# Testors lacquer paints in the bottle



## machgo (Feb 10, 2010)

I'm working on a project and tried the Testors lacquer in the small bottles. The color is nice, but it seems to take a long time to cure. Days later, the paint has a tacky feeling. I thinned it with Gaia lacquer thinner at a ratio of 1 part paint to 2 parts thinner.

What is the recommended, or workable, ratio, and which thinner should I use?

Mr. Hobby and Gaia lacquers cure quite quickly when thinned with the Gaia thinner at the same ratio.

Any suggestions or insights appreciated. Thanks in advance!


----------



## Mark McGovern (Apr 25, 1999)

Machgo,

If you're referring to the small square bottles, the paint is oil, not lacquer based. Therefore, you'll want to thin the paint with mineral spirits. Lacquer thinner could be causing your problems.

Environmental factors can be holding up your drying time also. Is it very humid where you're painting? Is there much air circulation?
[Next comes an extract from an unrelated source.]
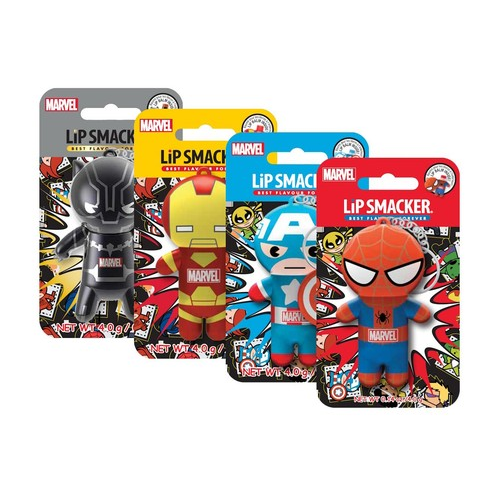 Lip Smacker Marvel Super Hero Lip Balms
Are you applying the paint in thick or thin coats, by spraying or hand brushing? Is it flat or gloss paint?

All thses things can affect how quickly the paint dries.


----------



## machgo (Feb 10, 2010)

Mark, These are the round bottles. They may be labeled "specialty lacquer." They are definitely not the square bottle enamels. 

Finish is gloss, airbrushed. Doesn't seem to be a difference if the coats are thin or thick--curing time is really long. I couldn't hazard a guess as to humidity, but temperature has been relatively consistent in the sixties (I'm spraying in a basement, so humidity could be a factor.) Air flow is relatively still (when I'm spraying) to none (after I close the windows, when I'm done painting for the day.)

Thanks for the reply!


----------



## Mark McGovern (Apr 25, 1999)

Machgo,

Yeah, come to think of it I have seen those. I use hardware store lacquer thinner with Testors clear Dull and Gloss lacquers, so I would think that type of solvent would work the specialty paints. They may have their own thinner - have you checked the paint bottles?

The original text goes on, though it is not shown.